**The data**
☆ ☆ ☆ ☆ ☆

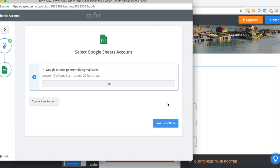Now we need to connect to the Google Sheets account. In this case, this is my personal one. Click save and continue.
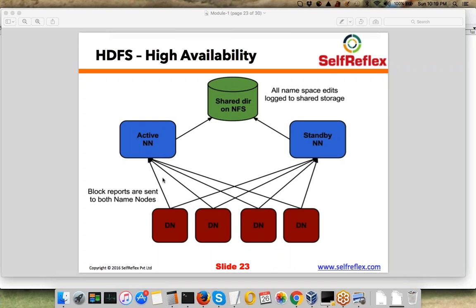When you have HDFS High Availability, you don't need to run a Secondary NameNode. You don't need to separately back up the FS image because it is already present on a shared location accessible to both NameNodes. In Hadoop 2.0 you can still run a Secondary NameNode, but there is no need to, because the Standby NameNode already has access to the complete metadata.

☆ ☆ ☆ ☆ ☆

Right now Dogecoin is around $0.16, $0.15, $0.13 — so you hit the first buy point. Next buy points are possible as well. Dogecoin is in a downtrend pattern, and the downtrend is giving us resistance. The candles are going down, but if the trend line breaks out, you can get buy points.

☆ ☆ ☆ ☆ ☆

**Your goal**
In the entries above, find the line that contains "Now we need" and the line that contains "When you have". Reproduce exactly those two lines and every line between them, but not the pictures.

**Written answer**
Now we need to connect to the Google Sheets account. In this case, this is my personal one. Click save and continue.
When you have HDFS High Availability, you don't need to run a Secondary NameNode. You don't need to separately back up the FS image because it is already present on a shared location accessible to both NameNodes. In Hadoop 2.0 you can still run a Secondary NameNode, but there is no need to, because the Standby NameNode already has access to the complete metadata.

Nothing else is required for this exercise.